]
>
XML (Extensible Markup Language)
XML (Extensible Markup Language)
17.1 Background
A format for data exchange and manipulation
Easy to learn.
Self-describing: markup describes the structure and type of data.
Simple format from management perspective: parsing, transformations, portability, human readable
It is a standard (was a major benefit for SQL!): a flood of support
17.2 Syntax
Tags on data elements, identifying their meaning
<COURSES>
<course>
<number> 670 </number>
<quarter> Spring </quarter>
<days> TR </days>
</course>
<course>
<number> 680 </number>
<quarter> Autumn </quarter>
<days> MWF </days>
</course>
</COURSES>
Attributes may be added to the tags
<COURSES>
<course title="data bases" year="2001">
<number > 670 </number>
<quarter> Spring </quarter>
<days> TR </days>
</course>
<course title="data structures" year="2000">
<number> 680 </number>
<quarter> Autumn </quarter>
<days> MWF </days>
</course>
</COURSES>
Cross references may be used to express associations.
<COURSES>
<course ref="sp">
<number> 670 </number>
<days> TR </days>
</course>
<course ref="au">
<number> 680 </number>
<days> MWF </days>
</course>
<quarter id="sp"> Spring </quarter>
<quarter id="au"> Autumn </quarter>
</COURSES>
An underlying tree data model
Allows interleaving of elements with cdata (document-centric instead of data-centric ).
<COURSES>
Two courses
<course ref="sp">
Here is a cse <number> 670 </number> course
offered on <days> TR </days> .
</course>
and
<course ref="au">
We also have a cse <number> 680 </number> course
offered on <days> MWF </days> .
</course>
and two quarters
<quarter id="sp"> Spring </quarter>
and
<quarter id="au"> Autumn </quarter> .
</COURSES>
17.3 Relations and XML
Simple
t a b l e
col1 col2 col3
a1 b1 c1
a2 b2 c2
<table>
<row> <col1> a1 </col1> <col2> b1 </col2> <col3> c1 </col3> </row>
<row> <col1> a2 </col1> <col2> b2 </col2> <col3> c2 </col3> </row>
</table>
Applicable to small subclass of XML structures.

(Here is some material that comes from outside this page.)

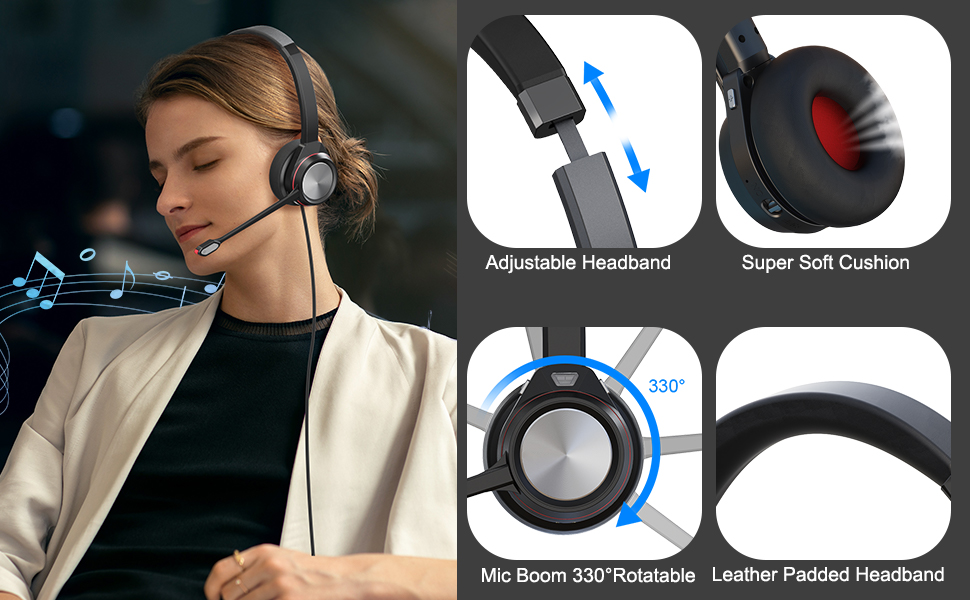 laptop headset JD891C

Used mainly by intermediate servers between databases and users.
17.4 Well Formed Files
Start and end tags required: <tag>...</tag>
Empty tags may use short cuts: <tag/>
Element attributes must be in quotes : <tag attribute="...">...</tag> (or ’...’ )
Proper nesting of tags
Root element
Entity codes (http://www.unicode.org/charts/ ):
ش (Arabic sheen ش)
α (Greek alpha α )
א (Hebrew aleph א)
⊆ (subset of or equal to ⊆)
Entity names:
< for < (< )
> for > (> )
" for " (" )
& for & (& )
' for ’ (' )
comments : <!--...-->
Processing instructions : <?....?>
CDATA : <![CDATA[...]]>
17.5 Rendering Semantics
17.6 Recommended Standards
http://www.w3.org :
XHTML: html, head, title, body, br, div, em, p, pre, span, strong a, dl, dt, dd, ol, ul, li, img, ...
<html>
<head>
<title>A document</title>
</head>
<body>
<p>...Some standard and <br/>
<em>emphasized</em>text...</p>
<p>Course options:
<ul>
<li>CSE 670</li>
<li>CSE 680</li>
</ul>
</p>
</body>
</html>
MathML: math, mi, mn, mo, mtext, mspace, mrow, mfrac, msqrt, mroot, mfenced, msub, msup, msubsup,
munder, mover, munderover, mmultiscripts, mtable, mtr, mlabeledtr, mtd, ....
<math>
<mrow>
<mo stretchy="true"> ( </mo>
<mfrac>
<mi> a </mi> <mi> b </mi>
</mfrac>
<mo stretchy="true"> ) </mo>
</mrow>
</math>
SVG: rect, circle, ellipse, line, polyline, polygon, ....
<svg>
<rect x="10" y="10" width="30" height="30" fill="blue"/>
<circle cx="600" cy="200" r="100"
fill="red" stroke="blue" stroke-width="10" />
<defs>
<rect id="MyRect" x="0" y="0" width="60" height="10"/>
</defs>
<use xlink:href="#MyRect"
transform="translate(20,2.5) rotate(10)" />
</svg>
17.7 Name Spaces
A mechanism for separating the XML vocabularies
Tag and attribute names: namespace + local name, separated by a colon
Non-prefixed tag and attribute names are assumed to carry a default namespace.
A name space is defined through a xmlns attribute
A xmlns associates a name with a uniform resource identifier (URI) .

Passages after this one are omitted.